Is this mathematical equivalence true or false?

64 ÷ 14 = 32 ÷ 28

What about this one?

64 ÷ 14 = 32 ÷ 7

Many upper Key Stage 2 children, and, in my experience, quite a lot of adults, will say that these are both true. A moment’s reflection may reveal this cannot be the case: 64 divided by 14 cannot be equal to both 32 divided by 28 and 32 divided by 7, as these clearly have different answers. So which is true and which is false? Putting each calculation into a simple context helps sort out what is going on. Imagine, say, putting apples into bags. So 64 ÷ 14 is the mathematical model for ‘I have 64 apples that I want to put into bags of 14’ and similarly, 32 ÷ 28 is a model for ‘I have 32 apples that I want to put into bags of 28’.

It should be clear that the second situation is going to require far fewer bags than the first. On the other hand, putting 32 apples into bags of 7 has both halved the number of apples, and halved the number of apples going into each bag. Everything is kept in proportion.

Reasoning revisited

I recently wrote about ‘reasoning mini-lessons᾿ – short, 10-minute routines that focus on answers in terms of reasoning about what is going on, rather than only calculating.

I looked at ‘reasoning chains’, a type of mini-lesson where a series of calculations are constructed to be linked and that build towards a big idea – like the distributive or associative rules. Here, I want to look at another type of reasoning mini-lesson – true or false? These mini-lessons are based around a small number of statements of equivalence, each of which is either true or false. The routine for working on these is, as with reasoning chains, putting up a statement, giving children a few moments to think (on their own) about their answer and then ‘turn-and-talk’, where they share their thoughts with the person next to them.

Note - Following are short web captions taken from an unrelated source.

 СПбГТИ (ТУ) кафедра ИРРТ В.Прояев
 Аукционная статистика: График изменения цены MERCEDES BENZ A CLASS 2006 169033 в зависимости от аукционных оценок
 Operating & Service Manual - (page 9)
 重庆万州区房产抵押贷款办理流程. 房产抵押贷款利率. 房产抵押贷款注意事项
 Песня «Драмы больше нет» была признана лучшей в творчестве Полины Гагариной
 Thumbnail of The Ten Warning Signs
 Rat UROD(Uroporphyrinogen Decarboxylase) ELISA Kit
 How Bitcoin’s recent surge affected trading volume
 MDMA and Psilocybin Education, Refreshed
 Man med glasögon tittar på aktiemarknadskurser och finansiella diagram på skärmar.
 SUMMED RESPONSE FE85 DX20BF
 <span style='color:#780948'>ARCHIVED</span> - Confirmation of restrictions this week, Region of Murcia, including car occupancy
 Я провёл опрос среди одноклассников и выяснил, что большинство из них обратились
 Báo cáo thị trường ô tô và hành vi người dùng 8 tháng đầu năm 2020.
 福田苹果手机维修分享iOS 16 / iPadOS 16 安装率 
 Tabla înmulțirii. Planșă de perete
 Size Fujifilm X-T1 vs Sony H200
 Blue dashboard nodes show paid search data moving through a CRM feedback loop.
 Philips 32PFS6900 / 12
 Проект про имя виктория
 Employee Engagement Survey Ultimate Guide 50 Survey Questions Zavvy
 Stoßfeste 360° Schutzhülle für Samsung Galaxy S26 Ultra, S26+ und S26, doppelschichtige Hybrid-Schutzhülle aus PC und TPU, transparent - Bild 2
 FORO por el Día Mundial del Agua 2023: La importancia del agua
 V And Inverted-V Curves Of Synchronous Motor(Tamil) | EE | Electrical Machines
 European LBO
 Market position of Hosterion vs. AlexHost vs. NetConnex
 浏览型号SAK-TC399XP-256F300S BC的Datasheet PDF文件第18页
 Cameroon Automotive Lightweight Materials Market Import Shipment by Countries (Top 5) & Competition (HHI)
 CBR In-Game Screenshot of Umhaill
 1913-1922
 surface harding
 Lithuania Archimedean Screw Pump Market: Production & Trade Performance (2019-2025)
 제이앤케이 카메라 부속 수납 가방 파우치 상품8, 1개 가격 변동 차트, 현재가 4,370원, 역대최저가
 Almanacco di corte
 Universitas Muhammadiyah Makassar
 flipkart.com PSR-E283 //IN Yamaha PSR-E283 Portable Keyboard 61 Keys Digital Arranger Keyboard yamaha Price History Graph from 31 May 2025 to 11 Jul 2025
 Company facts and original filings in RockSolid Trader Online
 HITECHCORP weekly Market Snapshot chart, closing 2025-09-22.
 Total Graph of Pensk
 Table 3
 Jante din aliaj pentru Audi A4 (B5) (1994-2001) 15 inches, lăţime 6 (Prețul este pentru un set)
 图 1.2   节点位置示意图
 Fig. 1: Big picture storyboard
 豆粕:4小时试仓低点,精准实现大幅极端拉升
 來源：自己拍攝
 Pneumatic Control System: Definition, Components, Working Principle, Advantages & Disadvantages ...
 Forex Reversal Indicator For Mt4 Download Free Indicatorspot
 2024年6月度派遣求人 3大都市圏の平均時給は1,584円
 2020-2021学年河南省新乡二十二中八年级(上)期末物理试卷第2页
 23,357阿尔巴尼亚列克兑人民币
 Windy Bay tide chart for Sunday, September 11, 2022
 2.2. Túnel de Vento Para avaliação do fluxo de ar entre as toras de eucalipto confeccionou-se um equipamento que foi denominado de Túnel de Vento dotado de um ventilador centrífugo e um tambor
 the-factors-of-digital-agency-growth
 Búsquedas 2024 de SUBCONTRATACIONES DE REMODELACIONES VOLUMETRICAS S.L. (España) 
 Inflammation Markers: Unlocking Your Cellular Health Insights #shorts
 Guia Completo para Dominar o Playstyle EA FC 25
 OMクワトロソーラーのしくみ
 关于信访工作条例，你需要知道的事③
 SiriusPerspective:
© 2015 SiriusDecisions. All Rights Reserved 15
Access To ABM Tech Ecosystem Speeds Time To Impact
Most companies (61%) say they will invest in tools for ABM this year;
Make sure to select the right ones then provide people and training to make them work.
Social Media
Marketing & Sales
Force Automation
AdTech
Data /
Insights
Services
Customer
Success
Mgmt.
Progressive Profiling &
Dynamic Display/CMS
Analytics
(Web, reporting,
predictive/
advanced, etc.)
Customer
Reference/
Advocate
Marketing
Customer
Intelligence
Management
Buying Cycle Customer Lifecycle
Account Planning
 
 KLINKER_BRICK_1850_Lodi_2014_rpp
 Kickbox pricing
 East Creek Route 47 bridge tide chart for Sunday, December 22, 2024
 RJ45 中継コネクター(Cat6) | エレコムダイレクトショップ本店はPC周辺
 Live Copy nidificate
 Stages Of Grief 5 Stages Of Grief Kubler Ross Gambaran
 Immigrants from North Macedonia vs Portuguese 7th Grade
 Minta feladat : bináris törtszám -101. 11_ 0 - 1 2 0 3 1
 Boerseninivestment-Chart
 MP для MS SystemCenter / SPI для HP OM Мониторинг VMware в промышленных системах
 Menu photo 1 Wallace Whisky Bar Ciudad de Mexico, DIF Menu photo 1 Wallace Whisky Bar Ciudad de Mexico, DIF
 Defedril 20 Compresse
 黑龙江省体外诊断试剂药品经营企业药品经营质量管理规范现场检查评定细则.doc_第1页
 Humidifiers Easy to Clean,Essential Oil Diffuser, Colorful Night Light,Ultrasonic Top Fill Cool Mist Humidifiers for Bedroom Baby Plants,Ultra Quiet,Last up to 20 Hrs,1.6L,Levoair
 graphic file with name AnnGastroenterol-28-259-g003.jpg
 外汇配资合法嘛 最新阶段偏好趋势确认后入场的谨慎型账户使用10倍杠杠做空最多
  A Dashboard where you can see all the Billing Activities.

Following this, the whole class indicates whether they think the statement is true or false – a thumb up for true, down for false. At this point, three things can happen – as shown in this scenario, where pupils are deciding about 64 ÷ 14 = 32 ÷ 7.

• The class is generally in agreement about whether the statement is true or false, and are correct in that agreement. For example, all agreeing that 64 ÷ 14 = 32 ÷ 7. In that case, I’d invite one or two children to share why they have arrived at that conclusion, and keep the dialogue fairly short.

• The class is split over whether they think the statement is true or false. When this happens, I recommend throwing it back to the learners – ‘OK, it cannot be both true and false. Turn and talk to your neighbour and agree on which you think it is, and whether you can convince everyone else.’

While those private conversations are going on, listen in and choose the two or three that you think will provoke a good whole-class conversation.

• The class is generally in agreement about whether the statement is true or false, and are incorrect in that agreement. For example, all agreeing that the first statement, 64 ÷ 14 = 32 ÷ 7, is false. If this is the case, I don’t recommend trying to ‘fix’ the learners’ reasoning at this juncture.

Why? Because if the variation between the examples has been carefully thought through (as in the pair here) then, when the second problem goes up, there is a moment of ‘cognitive conflict’ that confronts the learners with having to think about what is going on.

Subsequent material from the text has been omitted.